We study a family of local depth-based corrections to maxmin landmark selection for lazy witness persistence. Starting from maxmin seeds, we partition the cloud into nearest-seed cells and replace or move each seed toward a deep representative of its cell. The principal implemented variant, \emph{support-weighted partial recentering}, scales the amount of movement by cell support. The contributions are both mathematical and algorithmic. On the mathematical side, we prove local geometric guarantees for these corrections: a convex-core robustness lemma derived from halfspace depth, a $2r$ cover bound for subset recentering, and projected cover bounds for the implemented partial-recentering rules. On the algorithmic side, we identify a practically effective variant through a layered empirical study consisting of planar synthetic benchmarks, a parameter-sensitivity study, and an MPEG-7 silhouette benchmark, together with a modest three-dimensional torus extension.

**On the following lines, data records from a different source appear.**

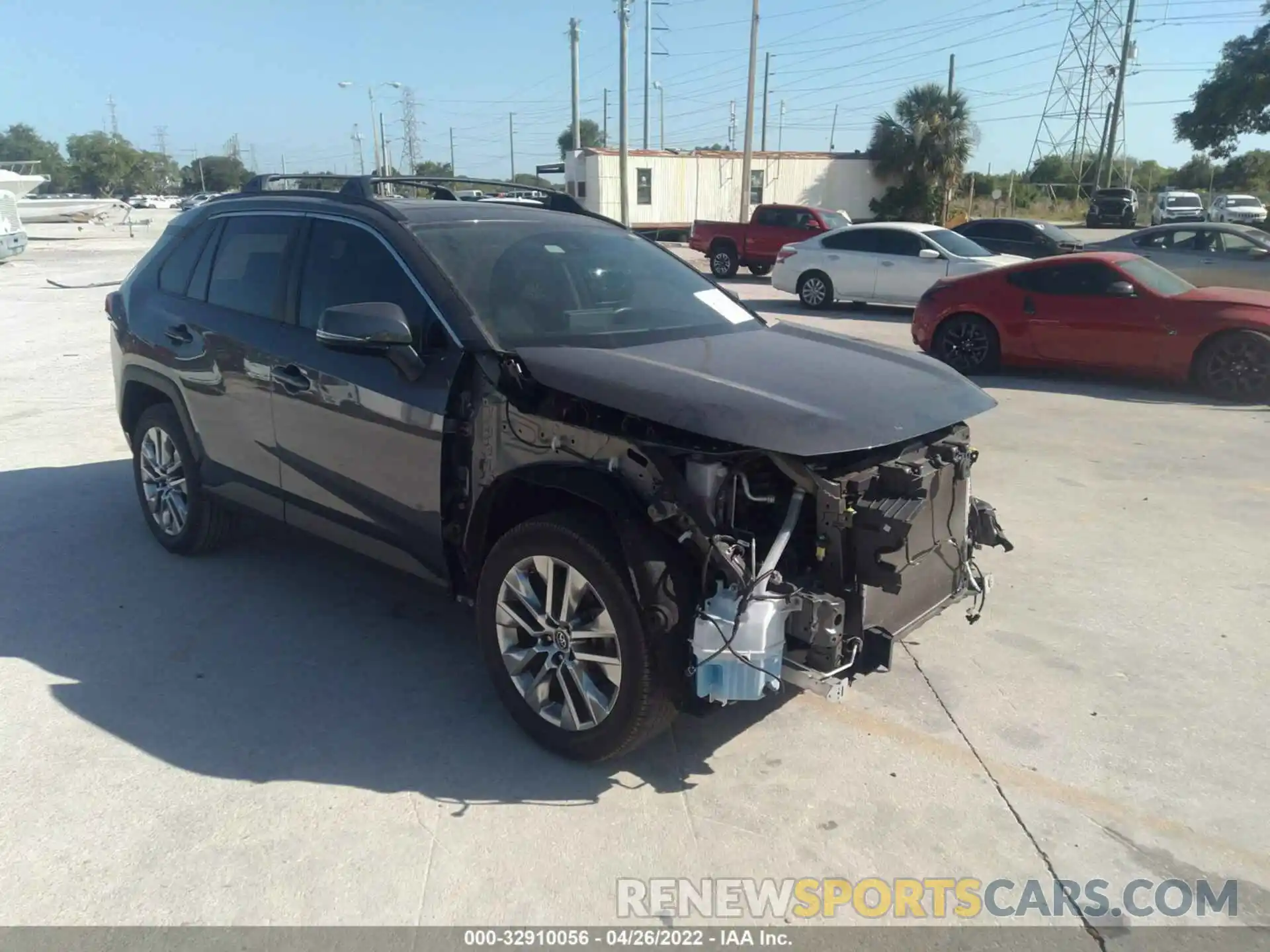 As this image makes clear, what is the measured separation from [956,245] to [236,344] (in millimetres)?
14054

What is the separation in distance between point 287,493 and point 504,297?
4.88 feet

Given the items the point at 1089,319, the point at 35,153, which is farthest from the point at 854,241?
the point at 35,153

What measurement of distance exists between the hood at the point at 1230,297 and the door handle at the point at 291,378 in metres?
9.15

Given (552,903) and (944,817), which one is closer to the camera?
(552,903)

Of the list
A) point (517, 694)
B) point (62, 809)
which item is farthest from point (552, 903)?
point (62, 809)

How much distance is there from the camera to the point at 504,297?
3.99m

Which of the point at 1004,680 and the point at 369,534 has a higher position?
the point at 369,534

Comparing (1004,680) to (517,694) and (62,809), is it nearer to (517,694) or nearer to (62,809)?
(517,694)

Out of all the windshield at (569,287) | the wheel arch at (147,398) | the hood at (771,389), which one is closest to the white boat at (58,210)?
the wheel arch at (147,398)

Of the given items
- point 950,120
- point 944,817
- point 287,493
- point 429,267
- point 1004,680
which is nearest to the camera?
point 944,817

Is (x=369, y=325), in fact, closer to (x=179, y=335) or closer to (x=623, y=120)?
(x=179, y=335)

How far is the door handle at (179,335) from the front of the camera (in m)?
4.98

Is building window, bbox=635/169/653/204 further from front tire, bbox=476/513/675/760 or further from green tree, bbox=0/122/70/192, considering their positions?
green tree, bbox=0/122/70/192

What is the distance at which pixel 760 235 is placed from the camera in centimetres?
2322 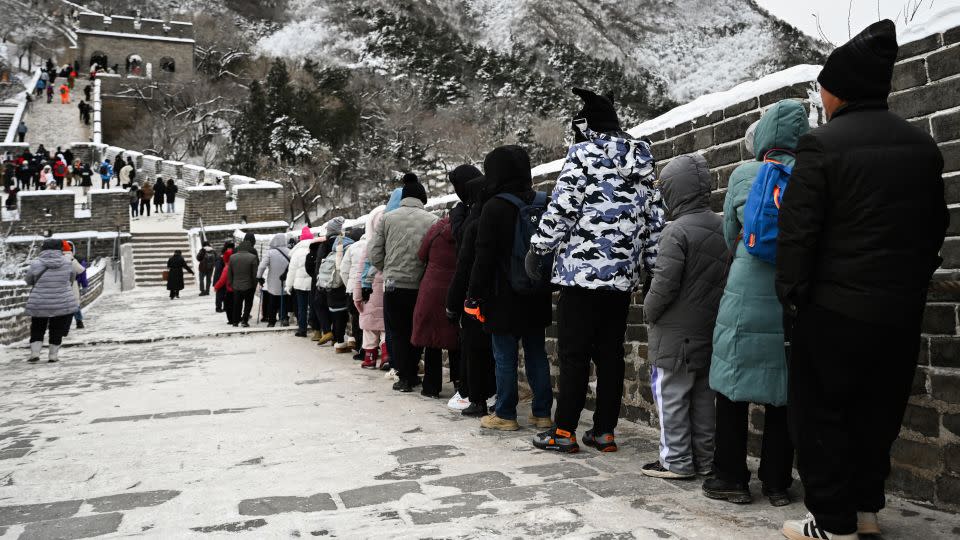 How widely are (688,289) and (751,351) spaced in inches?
22.7

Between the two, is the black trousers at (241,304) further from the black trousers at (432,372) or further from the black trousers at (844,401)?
the black trousers at (844,401)

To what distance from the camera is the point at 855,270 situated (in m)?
2.70

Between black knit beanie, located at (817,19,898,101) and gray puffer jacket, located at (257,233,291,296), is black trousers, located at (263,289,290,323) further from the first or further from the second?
black knit beanie, located at (817,19,898,101)

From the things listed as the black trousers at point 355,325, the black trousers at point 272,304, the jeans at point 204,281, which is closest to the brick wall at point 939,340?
the black trousers at point 355,325

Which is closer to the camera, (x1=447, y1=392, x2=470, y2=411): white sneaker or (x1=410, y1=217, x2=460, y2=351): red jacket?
(x1=447, y1=392, x2=470, y2=411): white sneaker

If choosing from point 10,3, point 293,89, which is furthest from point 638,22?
point 10,3

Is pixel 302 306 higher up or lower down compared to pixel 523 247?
lower down

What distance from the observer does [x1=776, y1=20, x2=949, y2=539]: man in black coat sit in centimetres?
269

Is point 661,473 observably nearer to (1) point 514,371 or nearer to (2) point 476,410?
(1) point 514,371

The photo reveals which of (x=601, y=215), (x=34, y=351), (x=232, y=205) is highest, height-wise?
(x=232, y=205)

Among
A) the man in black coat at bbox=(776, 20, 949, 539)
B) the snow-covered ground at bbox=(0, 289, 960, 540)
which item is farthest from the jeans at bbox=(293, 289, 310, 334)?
the man in black coat at bbox=(776, 20, 949, 539)

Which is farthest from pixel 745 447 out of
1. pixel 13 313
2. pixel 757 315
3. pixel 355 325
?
pixel 13 313

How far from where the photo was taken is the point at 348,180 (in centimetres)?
4447

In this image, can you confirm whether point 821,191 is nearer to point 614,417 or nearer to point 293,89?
point 614,417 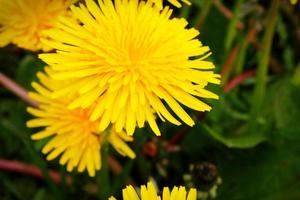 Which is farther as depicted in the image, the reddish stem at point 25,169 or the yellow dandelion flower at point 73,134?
the reddish stem at point 25,169

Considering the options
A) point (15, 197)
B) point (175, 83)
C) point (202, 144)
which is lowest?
point (15, 197)

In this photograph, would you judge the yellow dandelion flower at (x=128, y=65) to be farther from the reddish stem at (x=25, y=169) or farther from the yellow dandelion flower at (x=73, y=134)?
the reddish stem at (x=25, y=169)

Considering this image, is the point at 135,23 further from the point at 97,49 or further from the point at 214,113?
the point at 214,113

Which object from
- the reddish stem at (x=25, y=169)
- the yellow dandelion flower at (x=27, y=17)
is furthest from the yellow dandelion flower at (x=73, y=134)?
the reddish stem at (x=25, y=169)

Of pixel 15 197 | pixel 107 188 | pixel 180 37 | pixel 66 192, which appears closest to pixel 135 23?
pixel 180 37

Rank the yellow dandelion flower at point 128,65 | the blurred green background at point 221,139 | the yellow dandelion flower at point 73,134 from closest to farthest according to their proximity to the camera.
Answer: the yellow dandelion flower at point 128,65
the yellow dandelion flower at point 73,134
the blurred green background at point 221,139

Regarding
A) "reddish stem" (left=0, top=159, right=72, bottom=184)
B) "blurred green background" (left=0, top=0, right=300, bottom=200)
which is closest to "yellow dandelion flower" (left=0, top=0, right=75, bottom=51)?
"blurred green background" (left=0, top=0, right=300, bottom=200)

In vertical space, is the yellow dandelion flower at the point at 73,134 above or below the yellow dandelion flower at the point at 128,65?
below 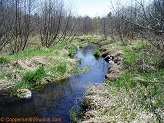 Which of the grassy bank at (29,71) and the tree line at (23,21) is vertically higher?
the tree line at (23,21)

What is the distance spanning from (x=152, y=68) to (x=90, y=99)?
5005 millimetres

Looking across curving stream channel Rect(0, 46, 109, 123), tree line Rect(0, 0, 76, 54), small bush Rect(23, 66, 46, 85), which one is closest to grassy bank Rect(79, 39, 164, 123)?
curving stream channel Rect(0, 46, 109, 123)

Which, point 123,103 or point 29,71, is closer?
point 123,103

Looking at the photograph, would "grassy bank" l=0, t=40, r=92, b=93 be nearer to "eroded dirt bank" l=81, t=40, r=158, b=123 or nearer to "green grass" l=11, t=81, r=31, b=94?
"green grass" l=11, t=81, r=31, b=94

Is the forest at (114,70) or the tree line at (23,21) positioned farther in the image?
the tree line at (23,21)

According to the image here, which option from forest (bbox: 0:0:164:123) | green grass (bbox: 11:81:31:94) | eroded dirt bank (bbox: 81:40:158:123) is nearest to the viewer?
forest (bbox: 0:0:164:123)

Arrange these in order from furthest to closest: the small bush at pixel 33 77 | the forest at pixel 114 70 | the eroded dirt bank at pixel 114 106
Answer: the small bush at pixel 33 77 → the eroded dirt bank at pixel 114 106 → the forest at pixel 114 70

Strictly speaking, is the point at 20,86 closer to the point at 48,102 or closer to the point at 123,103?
the point at 48,102

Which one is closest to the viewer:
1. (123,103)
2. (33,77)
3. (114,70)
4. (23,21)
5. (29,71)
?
(123,103)

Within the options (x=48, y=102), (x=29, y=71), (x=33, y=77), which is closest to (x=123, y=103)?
(x=48, y=102)

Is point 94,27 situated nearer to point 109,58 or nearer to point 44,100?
point 109,58

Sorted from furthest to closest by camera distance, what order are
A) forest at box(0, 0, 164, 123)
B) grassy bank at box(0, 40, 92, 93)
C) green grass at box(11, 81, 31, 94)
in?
grassy bank at box(0, 40, 92, 93) → green grass at box(11, 81, 31, 94) → forest at box(0, 0, 164, 123)

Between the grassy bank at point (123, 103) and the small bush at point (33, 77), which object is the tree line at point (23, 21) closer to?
the small bush at point (33, 77)

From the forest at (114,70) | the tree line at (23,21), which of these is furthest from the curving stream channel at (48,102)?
the tree line at (23,21) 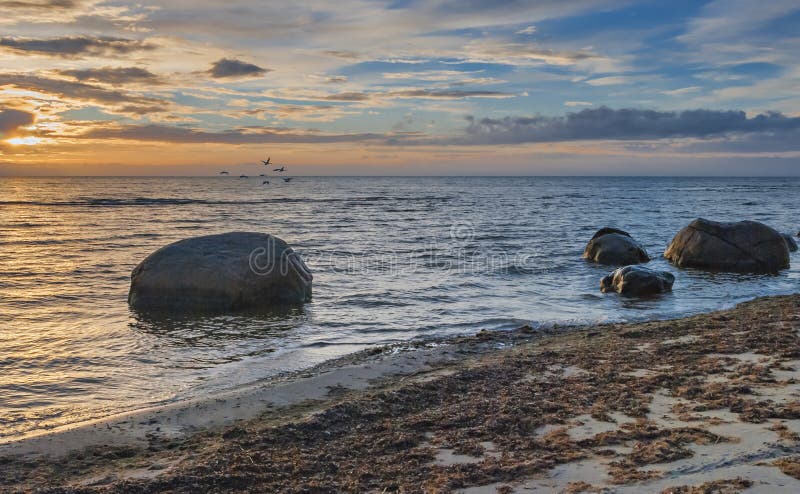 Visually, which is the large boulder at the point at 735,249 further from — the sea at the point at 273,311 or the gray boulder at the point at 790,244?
the gray boulder at the point at 790,244

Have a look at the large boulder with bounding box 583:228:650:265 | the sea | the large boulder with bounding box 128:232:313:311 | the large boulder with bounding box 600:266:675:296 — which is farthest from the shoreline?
the large boulder with bounding box 583:228:650:265

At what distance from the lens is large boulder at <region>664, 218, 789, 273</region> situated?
682 inches

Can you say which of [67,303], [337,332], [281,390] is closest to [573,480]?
[281,390]

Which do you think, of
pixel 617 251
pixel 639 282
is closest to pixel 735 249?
pixel 617 251

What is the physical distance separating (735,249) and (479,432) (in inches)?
604

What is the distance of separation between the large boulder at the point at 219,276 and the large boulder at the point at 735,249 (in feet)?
39.9

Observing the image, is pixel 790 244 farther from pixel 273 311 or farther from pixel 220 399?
pixel 220 399

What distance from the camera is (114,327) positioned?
10688 mm

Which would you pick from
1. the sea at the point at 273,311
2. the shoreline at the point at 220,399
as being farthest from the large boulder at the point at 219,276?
the shoreline at the point at 220,399

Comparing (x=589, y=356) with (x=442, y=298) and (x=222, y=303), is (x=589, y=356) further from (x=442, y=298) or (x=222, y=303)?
(x=222, y=303)

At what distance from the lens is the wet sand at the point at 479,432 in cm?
429

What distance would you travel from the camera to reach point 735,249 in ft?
57.2

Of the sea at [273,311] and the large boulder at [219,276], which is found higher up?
the large boulder at [219,276]

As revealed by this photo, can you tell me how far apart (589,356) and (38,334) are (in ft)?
29.9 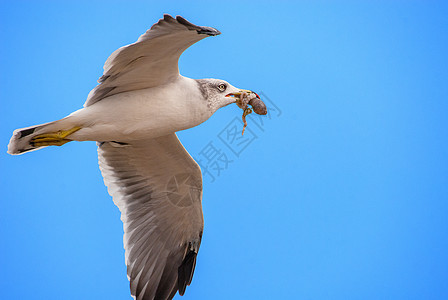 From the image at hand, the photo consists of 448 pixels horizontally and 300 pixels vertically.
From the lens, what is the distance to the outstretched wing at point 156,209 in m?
4.20

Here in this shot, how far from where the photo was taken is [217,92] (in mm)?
3742

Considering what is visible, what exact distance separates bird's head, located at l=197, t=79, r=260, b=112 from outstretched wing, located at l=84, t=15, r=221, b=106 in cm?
21

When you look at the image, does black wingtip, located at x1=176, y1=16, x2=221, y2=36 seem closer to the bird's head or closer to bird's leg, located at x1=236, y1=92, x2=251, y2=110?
the bird's head

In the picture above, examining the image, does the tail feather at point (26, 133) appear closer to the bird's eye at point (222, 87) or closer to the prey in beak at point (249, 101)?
the bird's eye at point (222, 87)

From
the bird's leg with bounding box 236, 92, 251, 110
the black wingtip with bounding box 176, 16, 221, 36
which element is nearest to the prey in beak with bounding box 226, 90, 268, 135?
the bird's leg with bounding box 236, 92, 251, 110

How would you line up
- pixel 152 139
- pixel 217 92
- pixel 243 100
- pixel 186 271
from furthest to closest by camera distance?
1. pixel 186 271
2. pixel 152 139
3. pixel 243 100
4. pixel 217 92

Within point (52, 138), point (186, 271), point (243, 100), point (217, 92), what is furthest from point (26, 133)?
point (186, 271)

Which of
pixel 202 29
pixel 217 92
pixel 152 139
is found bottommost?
pixel 202 29

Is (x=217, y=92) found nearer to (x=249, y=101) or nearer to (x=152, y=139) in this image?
(x=249, y=101)

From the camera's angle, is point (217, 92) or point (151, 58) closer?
point (151, 58)

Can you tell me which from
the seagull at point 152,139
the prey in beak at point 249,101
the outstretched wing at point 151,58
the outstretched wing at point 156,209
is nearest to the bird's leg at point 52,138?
the seagull at point 152,139

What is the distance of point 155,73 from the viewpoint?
11.6 ft

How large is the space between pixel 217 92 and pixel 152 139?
2.10 ft

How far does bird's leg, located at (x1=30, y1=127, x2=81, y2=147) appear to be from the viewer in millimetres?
3559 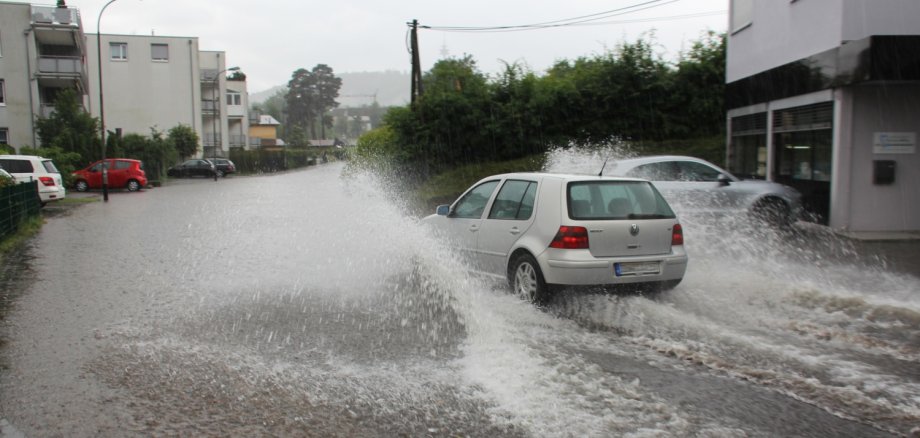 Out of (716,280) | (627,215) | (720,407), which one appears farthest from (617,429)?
(716,280)

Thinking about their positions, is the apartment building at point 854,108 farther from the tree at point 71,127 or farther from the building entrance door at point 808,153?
the tree at point 71,127

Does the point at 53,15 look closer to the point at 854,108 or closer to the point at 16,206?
the point at 16,206

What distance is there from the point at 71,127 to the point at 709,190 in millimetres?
36431

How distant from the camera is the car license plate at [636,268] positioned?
24.5 ft

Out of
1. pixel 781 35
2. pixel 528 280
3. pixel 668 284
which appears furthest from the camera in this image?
pixel 781 35

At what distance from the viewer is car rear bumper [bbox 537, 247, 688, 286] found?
7.34 metres

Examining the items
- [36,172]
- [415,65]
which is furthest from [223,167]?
[36,172]

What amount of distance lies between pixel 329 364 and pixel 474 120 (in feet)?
65.8

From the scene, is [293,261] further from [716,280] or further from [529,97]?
[529,97]

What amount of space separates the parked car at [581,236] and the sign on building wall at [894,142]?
7.51 meters

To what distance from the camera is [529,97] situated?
984 inches

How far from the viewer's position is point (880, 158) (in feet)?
43.7

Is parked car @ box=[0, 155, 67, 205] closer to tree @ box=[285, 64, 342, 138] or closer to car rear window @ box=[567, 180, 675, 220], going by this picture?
car rear window @ box=[567, 180, 675, 220]

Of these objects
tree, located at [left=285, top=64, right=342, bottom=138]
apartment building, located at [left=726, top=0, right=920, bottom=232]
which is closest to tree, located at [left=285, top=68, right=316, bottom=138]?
tree, located at [left=285, top=64, right=342, bottom=138] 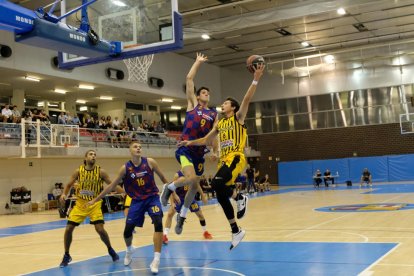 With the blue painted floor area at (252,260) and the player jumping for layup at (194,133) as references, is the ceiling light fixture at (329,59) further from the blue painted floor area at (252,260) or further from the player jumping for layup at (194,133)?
the player jumping for layup at (194,133)

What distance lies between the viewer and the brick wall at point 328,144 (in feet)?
106

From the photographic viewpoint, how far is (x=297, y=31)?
2850 centimetres

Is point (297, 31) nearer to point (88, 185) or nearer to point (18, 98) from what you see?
point (18, 98)

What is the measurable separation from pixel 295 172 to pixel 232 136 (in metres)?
29.1

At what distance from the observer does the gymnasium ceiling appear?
22.2 metres

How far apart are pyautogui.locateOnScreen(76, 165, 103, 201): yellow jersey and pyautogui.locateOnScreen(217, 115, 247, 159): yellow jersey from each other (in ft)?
7.77

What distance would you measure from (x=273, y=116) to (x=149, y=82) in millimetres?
11439

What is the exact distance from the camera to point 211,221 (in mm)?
13047

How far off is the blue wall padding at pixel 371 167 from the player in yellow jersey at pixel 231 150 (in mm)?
27292

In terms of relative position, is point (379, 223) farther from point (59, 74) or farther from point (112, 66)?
point (112, 66)

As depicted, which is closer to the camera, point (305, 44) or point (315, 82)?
point (305, 44)

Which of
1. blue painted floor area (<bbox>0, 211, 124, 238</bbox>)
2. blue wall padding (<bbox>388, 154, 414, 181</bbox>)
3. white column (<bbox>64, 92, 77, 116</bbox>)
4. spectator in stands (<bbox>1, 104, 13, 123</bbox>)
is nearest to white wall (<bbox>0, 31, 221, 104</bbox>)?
spectator in stands (<bbox>1, 104, 13, 123</bbox>)

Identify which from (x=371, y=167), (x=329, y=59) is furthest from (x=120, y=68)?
(x=371, y=167)

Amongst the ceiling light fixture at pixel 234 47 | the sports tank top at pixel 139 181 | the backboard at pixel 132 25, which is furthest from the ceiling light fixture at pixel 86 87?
the sports tank top at pixel 139 181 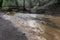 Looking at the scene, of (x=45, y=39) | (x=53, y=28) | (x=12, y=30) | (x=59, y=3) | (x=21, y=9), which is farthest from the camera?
(x=59, y=3)

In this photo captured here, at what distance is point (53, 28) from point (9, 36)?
7.59 ft

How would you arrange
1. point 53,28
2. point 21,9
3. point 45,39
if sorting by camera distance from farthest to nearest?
1. point 21,9
2. point 53,28
3. point 45,39

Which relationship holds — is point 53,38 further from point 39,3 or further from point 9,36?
point 39,3

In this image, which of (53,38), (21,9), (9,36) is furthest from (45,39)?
(21,9)

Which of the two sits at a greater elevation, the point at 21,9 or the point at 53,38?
the point at 53,38

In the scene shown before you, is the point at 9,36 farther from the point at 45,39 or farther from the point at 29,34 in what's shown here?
the point at 45,39

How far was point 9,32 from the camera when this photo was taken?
646 cm

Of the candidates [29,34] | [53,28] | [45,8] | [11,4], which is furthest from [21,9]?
[29,34]

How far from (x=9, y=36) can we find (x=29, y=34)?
2.73 feet

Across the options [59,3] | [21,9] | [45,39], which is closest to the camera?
[45,39]

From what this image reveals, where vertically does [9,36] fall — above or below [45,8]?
above

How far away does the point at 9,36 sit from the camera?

The main planar experiments show that support-weighted partial recentering gives a consistent geometric improvement over maxmin while preserving the thresholded $H_1$ summary used in the study. The three-dimensional experiment shows the same geometric tendency but only mixed topological behavior. The paper should therefore be read as a controlled study of a local depth-based alternative to maxmin, rather than as a global witness-approximation theorem or a claim of uniform empirical superiority.

翻译：我们研究了一族基于局部深度的修正方法，用于懒惰见证持久性中的最大最小地标选择。从最大最小种子出发，我们将点云划分为最近种子单元，并将每个种子替换或移动至其单元的一个深度代表点。主要实现的变体——\emph{支持加权部分重定位}——通过单元支持度来缩放移动量。本文的贡献兼具数学与算法两方面。在数学层面，我们证明了这些修正的局部几何保证：基于半空间深度的凸核鲁棒性引理、子集重定位的$2r$覆盖界，以及已实现部分重定位规则的投影覆盖界。在算法层面，我们通过分层实证研究（包括平面合成基准测试、参数敏感性研究、MPEG-7轮廓基准测试以及一个适度的三维环面扩展）确定了一个实际有效的变体。主要平面实验表明，支持加权部分重定位在保持研究中使用的阈值化$H_1$摘要的同时，相较于最大最小方法实现了持续的几何改进。三维实验显示出相同的几何趋势，但仅表现出混合的拓扑行为。因此，本文应被视为对最大最小方法的一种局部深度替代方案的控制性研究，而非全局见证逼近定理或统一实证优越性的主张。